One can’t fault William Styron for not having given formal education a shot. His critique comes from the perspective of an author who spent much time in school. Styron went to Duke University and was working toward achieving a Rhodes scholarship. It was during this process that the young undergraduate wrote a letter to his father articulating his discontents. “For a person whose sole burning ambition is to write — like myself — ,” he wrote, “college is useless beyond the Sophomore year.” Dissatisfied by the curriculum of minor authors and the trifling academic concerns of his professors, Styron concluded that a writer would be better off reading Plato and Montaigne, and simply living. He graduated Duke, but followed his own advice and went on living, producing classics like The Confessions of Nat Turner and Sophie's Choice.
George Bernard Shaw
George Bernard Shaw said of schools that they “are not popular as places of education and teachers, but rather prisons and turnkeys in which children are kept to prevent them disturbing and chaperoning their parents.” This is not to say that Shaw didn’t have great hope and respect for education as an ideal (he went on to co-found the London School of Economics). He simply found the state of contemporary education abhorrent. In his essay “What Is Wrong with Our System of Education?” Shaw argues that school’s primary purpose is to relieve parents from the nuisance of children. Compulsory schooling hurts society as a whole. It makes students who resent attending also resent intellectual and artistic culture. Shaw felt that when schooling is completely voluntary it is at its best. And, as an advocate of self-education, Shaw spent much time in the library of Trinity College teaching himself throughout his life.
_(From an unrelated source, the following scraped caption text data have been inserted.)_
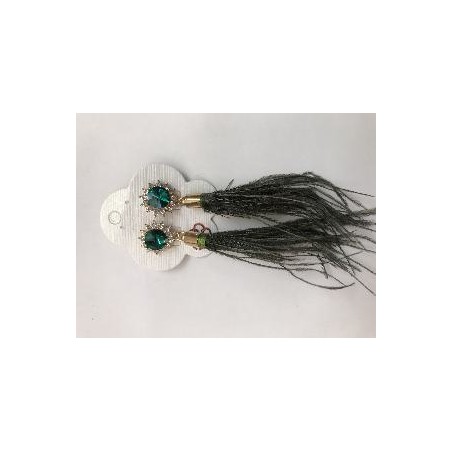 PENDIENTE PLUMA PIEDRA ESMERALDA
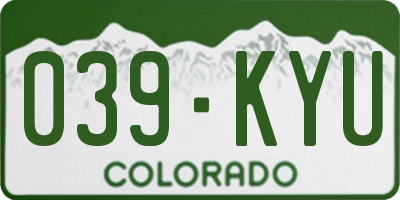 CO license plate 039KYU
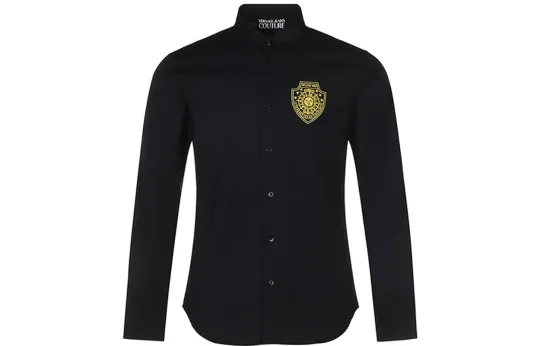VERSACE JEANS COUTURE SS22 Mens Cotton Embroidered Long-Sleeve Shirt Black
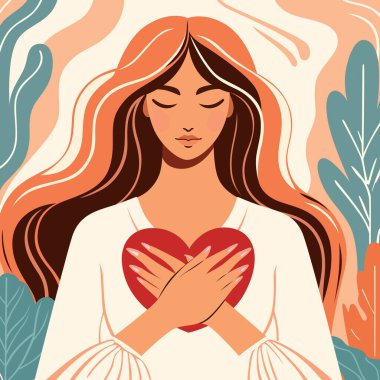 Illustration of a serene woman with long hair holding a heart, set against an abstract background with soft colors. clipart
Philosopher, mathematician, and Nobel laureate Bertrand Russell was educated at Cambridge and led a rather academic life. Yet, like Shaw, he believed education to be too precious to stand idly by as the entire world botches the institution. Education, he argued, has a “determination to produce a dead level of glib mediocrity.” The school system lacks, crucially, reverence for the child. A teacher with reverence for the child will be sensitive to the precious nature of the young, living being before her. She will not see the child as something to mold, but as something she feels humility in the face of. She will feel compelled to strengthen and equip it for the life it will lead. School systems, instead, are wont to distort the facts of history so that its nation will appear as glorious and victorious as possible. Schools emphasize obedience and duty at the expense of free-thinking and spiritually enriched students. Russell was an eloquent proponent for teachers who were truly sensitive to their students, and of an education system that asserted education as a gateway to knowledge, not to a particular income or status. It sometimes takes someone who loves education, to tell us what’s wrong with it.
More Quotes From Those Critical of Education
- “Education is a state-controlled manufactory of echoes”
- “Men are born ignorant, not stupid; they are made stupid by education.”
- “Part of the American myth is that people who are handed the skin of a dead sheep at graduating time think that it will keep their minds alive forever.”
—John Mason Brown
- “Real education must ultimately be limited to men who insist on knowing–the rest is mere sheep-herding.”
- “You can’t teach people to write well. Writing well is something God lets you do or declines to let you do. Most bright people know that, but writers’ conferences continue to multiply in the good old American summertime.”
- “We are shut up in schools and college recitation rooms for ten or fifteen years, and come out at last with a bellyful of words and do not know a thing.”
—Ralph Waldo Emerson
- “I'm sure the reason such young nitwits are produced in our schools is because they have no contact with anything of any use in everyday life.”
- “I don't believe in colleges and universities. I believe in libraries.”
- “In the first place God made idiots. This was for practice. Then he made school boards.”